We investigated in a similar way the effect of varying the n parameter (the number of possible states at each site in the lock and key sequences). The results are not presented graphically, as only minor quantitative effects were observed. Let us note that simply increasing the value of n tends to slow down the evolution of new compatibility types. This can be illustrated using the following example. Consider a population where a suicidal type (e.g., with lock = 2 and key = 1) is frequent. If n = 2, mutations of the key sequence will give rise to the appropriate key (that is key = 2) with probability 1. In contrast, if n = 10, the appropriate mutation will occur with probability 1/9 only. In other words, increasing the value of n reduces the probability of favorable mutations to occur in the key sequence, resulting in slower evolution of compatibility types. In all simulations presented here, n is arbitrarily set at 10, a value that appeared to be a reasonable compromise between realism and computation time constraints.
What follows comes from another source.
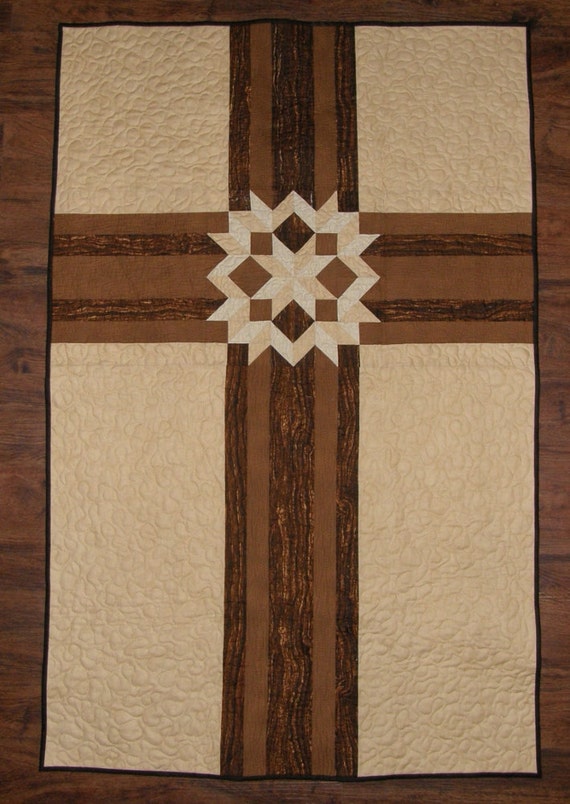 Art Quilt Religious Quilted Wall Hanging Cross Quilted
The effect of mutation rates:
The results discussed so far were obtained with Mu = 10−6. To investigate the effects of mutation rates on the evolution of compatibility types, we repeated similar simulations to those presented in Figure 8, A and B (that is, with two different S values), under a 10 times higher mutation rate (Mu = 10−5). The results are presented in Figure 8, C and D. By comparing Figure 8A and 8B with 8C and 8D, respectively, one can assess the effect of varying mutation rates for two different S values. In these simulations, Ne = 103 and Mu = 10−5 (see Figure 8 legend for details on other parameters).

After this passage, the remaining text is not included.